[DATASET EXCERPT]:
▬▬▬▬▬▬▬▬▬▬
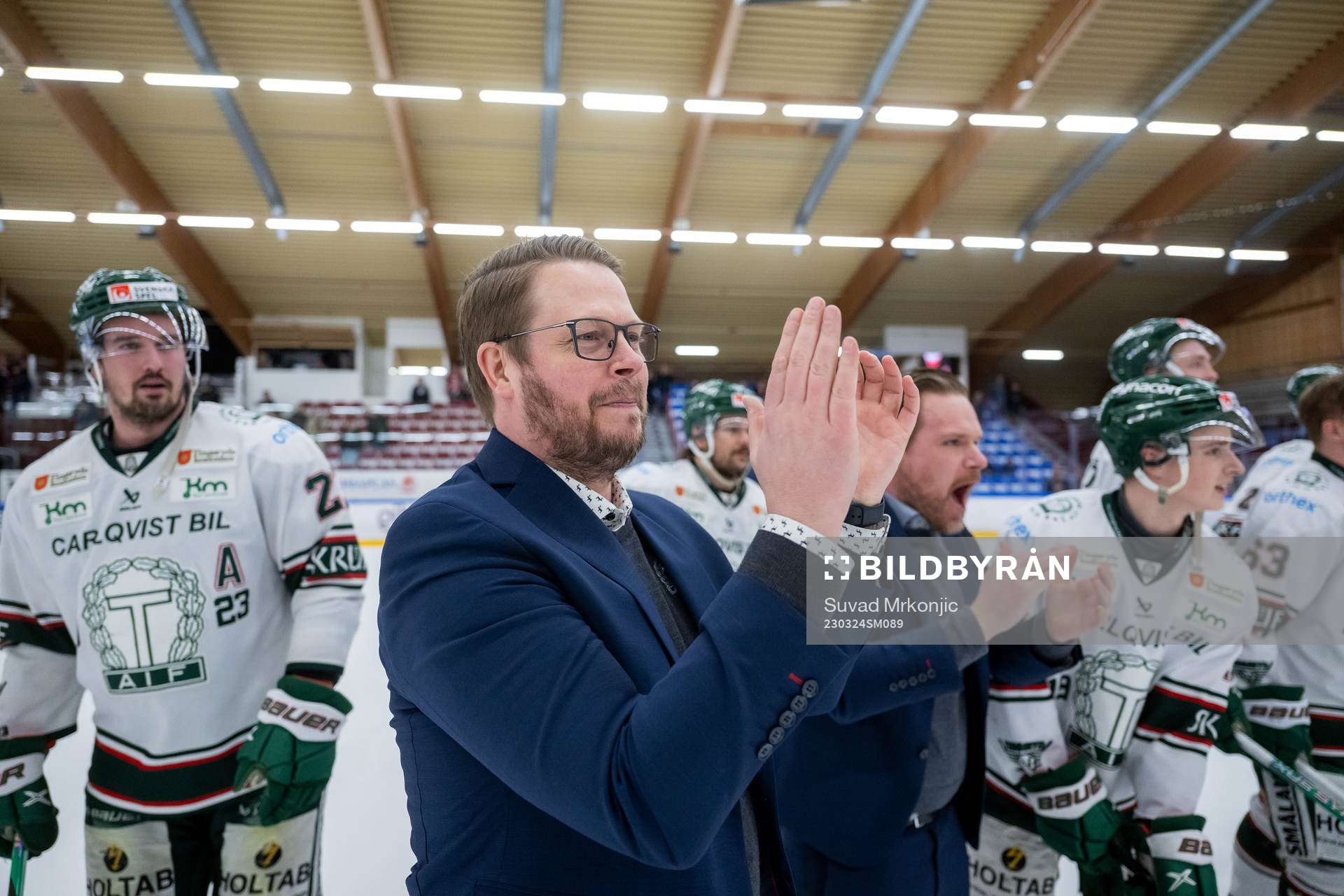Tingsryds tränare Fredrik Glader jublar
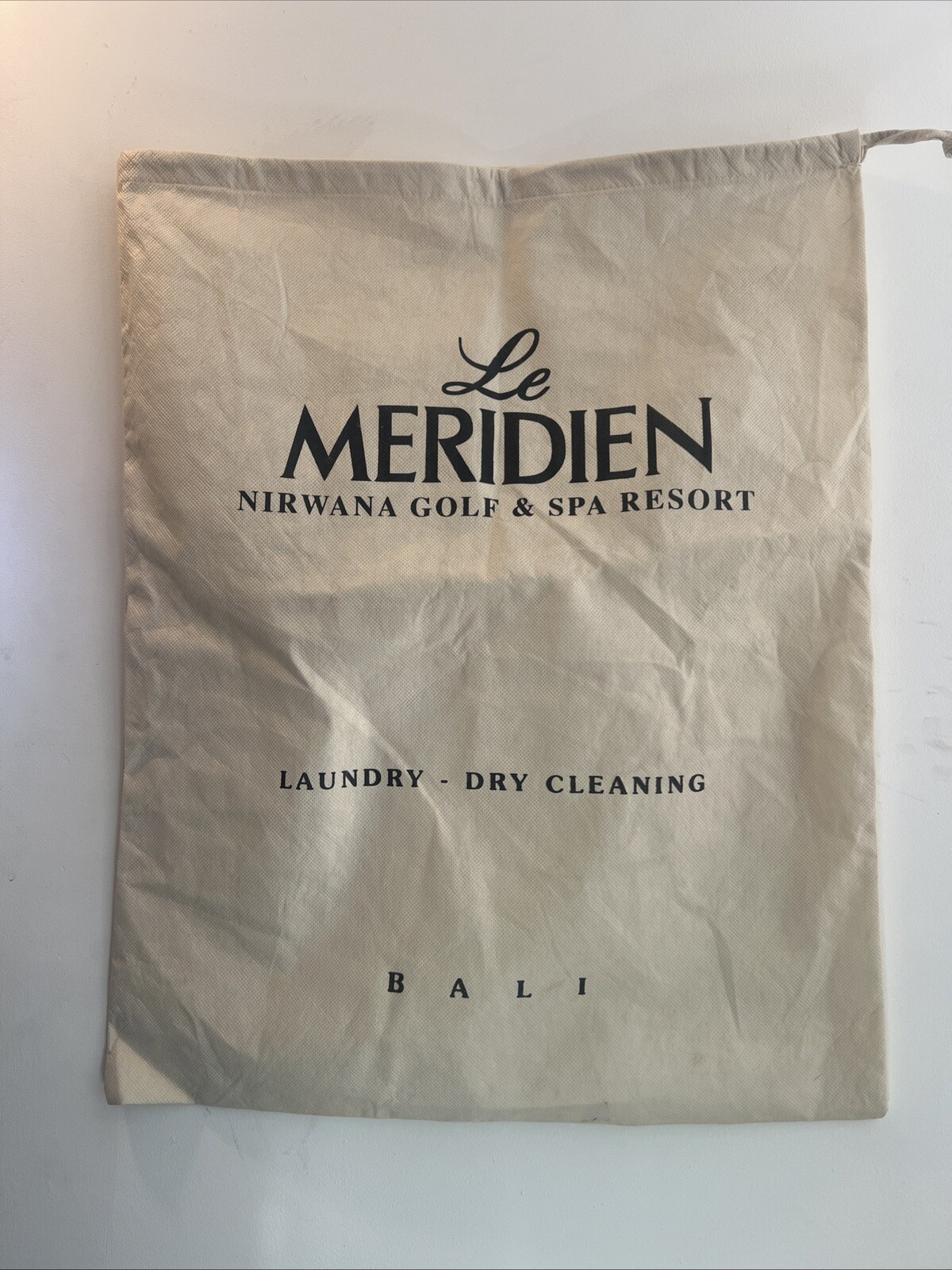 Bolsa de tintorería Bali Le Meridien Nirwana Golf & Spa Resort Bali en muy buena condición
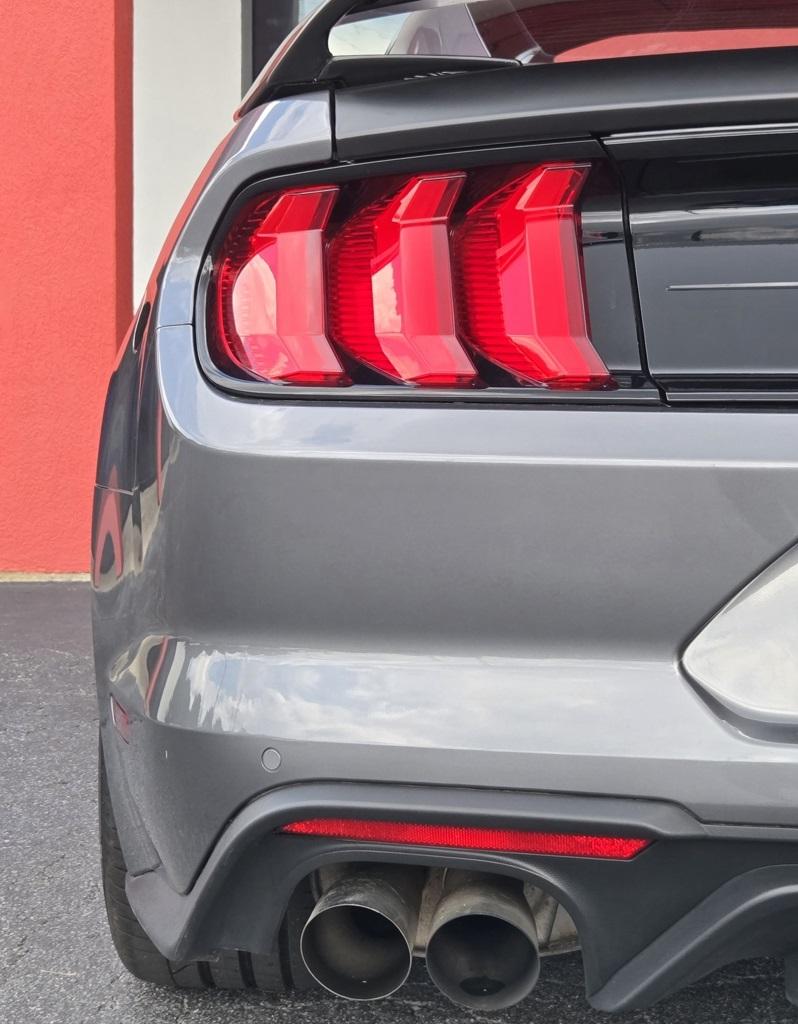 2021 Ford Mustang GT Premium photo 9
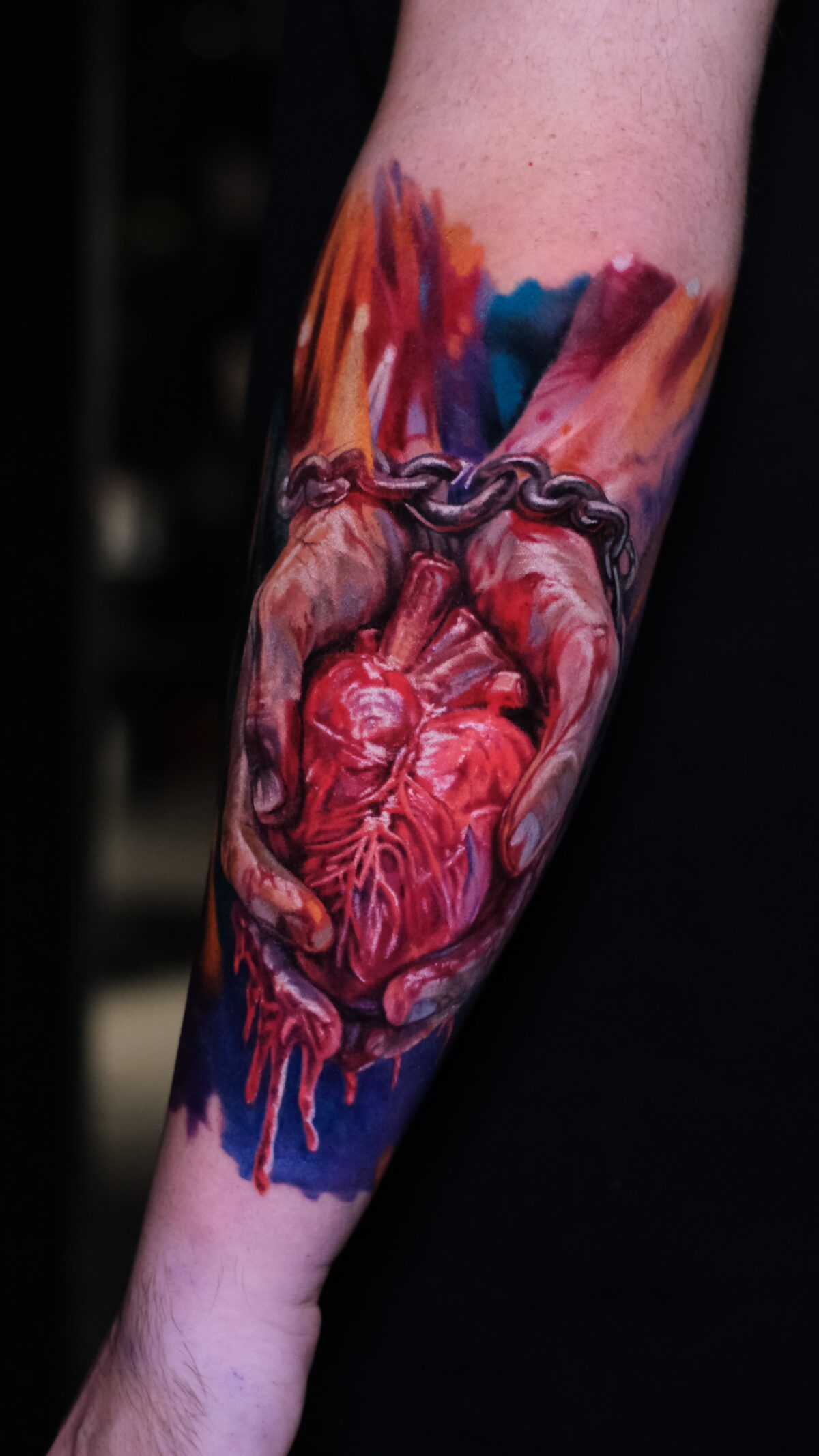 Nahaufnahme der Haut der Hände im Tattoo – Color-Realism, Licht- und Schattendetails, 3D-Tattoo, Wrocław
▬▬▬▬▬▬▬▬▬▬
[TO DO]:
Only one thing is required here: an exact copy of the lines from the one bearing "Bolsa de tintorería" through the final line above, both included, with pictures left out.

[REPLY]:
 Bolsa de tintorería Bali Le Meridien Nirwana Golf & Spa Resort Bali en muy buena condición
 2021 Ford Mustang GT Premium photo 9
 Nahaufnahme der Haut der Hände im Tattoo – Color-Realism, Licht- und Schattendetails, 3D-Tattoo, Wrocław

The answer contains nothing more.